Day 3: Our destination for the day was Waitomo, home of New Zealand’s famous Glowworm Caves. After touring the caves by boat and learning about the science of glowworms we headed to McLaren Falls Park for the night. En route we passed Hobbiton, where hoards of tourists flock to see the Lord of the Rings movie set on a former sheep farm. We bypassed it, promising each other we would re-watch the movies after our real life New Zealand tour. Based on fellow camper recommendations we waited until nighttime to hike to the waterfall. The advice was spot-on as we walked down trails lit up by glowworms. After learning about them on the tour earlier in the day it was fascinating to see them in the wild.
Day 4: After two days off the grid drinking instant coffee we craved real caffeine and wifi. We drove into civilization to Grindz Café and hunkered down for the morning. Bodies caffeinated and campervan refueled, we drove the remainder of the route to Rotorua. Rotorua is a large lake and a hub of geothermal activity. We spent the afternoon bathing in the hot springs at Polynesian Spa on the shore of the lake. The mineral waters are thought to have healing properties and we soaked up every bit of warmth and luxury before driving to our campsite for the evening.
Day 5: The next morning we awoke to sunrise over Lake Oreka and took advantage of our in-car kitchen to fry up eggs and avo to eat with the view.
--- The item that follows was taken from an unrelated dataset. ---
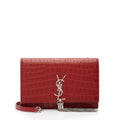 Saint Laurent Croc Embossed Leather Monogram Kate Tassel Chain Wallet (SHF-AKAj5y)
Day 6: Our lake theme continued as we set off for Lake Taupo, New Zealand’s largest lake also known for geothermal activity. We parked the campervan at Spa Park and hiked the path to Huka Falls.
After enjoying the views we exchanged our sweaty clothes for swimsuits and another round of hot springs, this time free of charge thanks to nature.
We left Taupo behind and began our descent towards Wellington where our North Island tour would end. We found a campsite en route that wasn’t too far off the highway. We didn’t expect more than a convenient location as we pulled into the gravel driveway of the Mangaweka campground. Our eyes widened as we parked along a rapid river backed up against steep white cliffs. As one of only three campervans parked on the massive grounds, it was like we had the entire place to ourselves. We cooked up our standard dinner of soup and tortilla chips and situated ourselves at a picnic table to relax beneath the cliff’s shadows. Nightfall brought on a surreal stargazing scene. We laid back against the picnic table to absorb the scene in silence.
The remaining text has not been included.